The short version is it’s definitely not something you can fix by modifying your vertex distortion code (apart from removing it).

The only way to easily track it down is to go node by node within the rest of the shader and see where it first shows up.

You could try multiplying the result with vertex normal

When you offset the position of the vertices some of the vertices from the back of the sphere will move in a way that lets you see them. These vertices probably have a normal vector which is going to face away from the camera, or in other words, they surface is looking away from the viewer instead of towards the viewer.

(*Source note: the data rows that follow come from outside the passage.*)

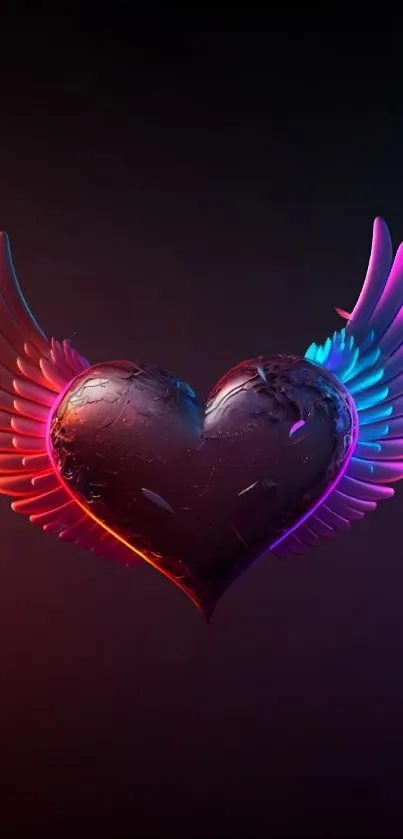 Colorful winged heart on dark background.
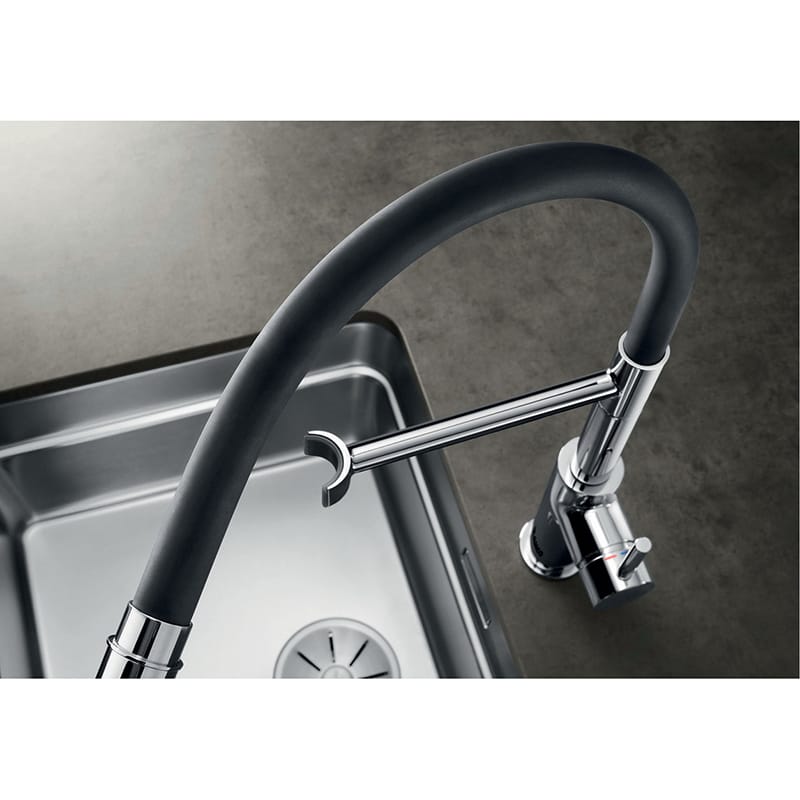 Смеситель CATRIS-S Flexo PVD steel нерж. сталь BLANCO (525792)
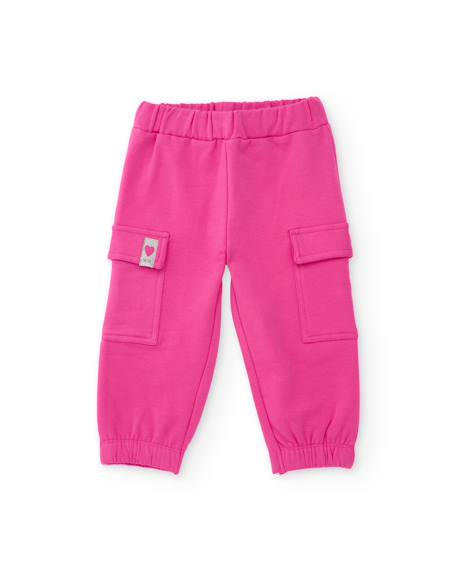 Pantalon cargo fille en molleton doux Rose 1 - vertbaudet enfant 
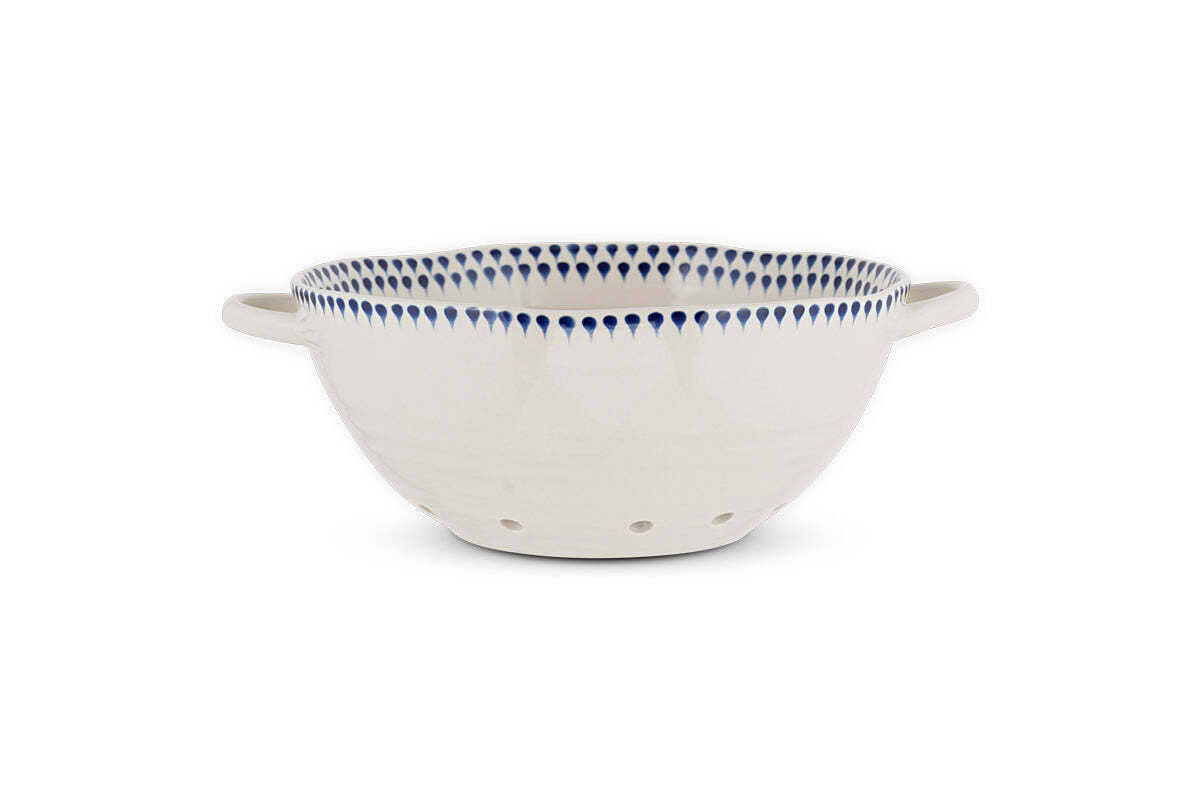 Indigo Drop Colander - Cream & Indigo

Some operations like the fresnel that you seem to be using in this material use the “dot multiplication” between the surface normal and the view vector to calculate the result. If the normal vector of the surface is looking somewhat towards the camera, which is commonly the case, the result of the dot multiplication will be a positive value. If the surface is instead looking away from the camera, which would be the case in the displaced vertices that would normally not be visible, the result will be a negative value. You are probably using this result to multiply or lerp between the green color of the fresnel effect in some way. When this result is negative, you can end with a negative RGB value that will be shown as black.

In your last screenshot you seem to be clamping the vertex offset result. To avoid the problem you should clamp the result of any fresnel or dot multiplications that you are using to calculate the color of the material, not the vertex displacement. You could post a screenshot of the nodes you are using to calculate the color to see where the clamp could do the trick.

I could be wrong but that’s where I’d look next.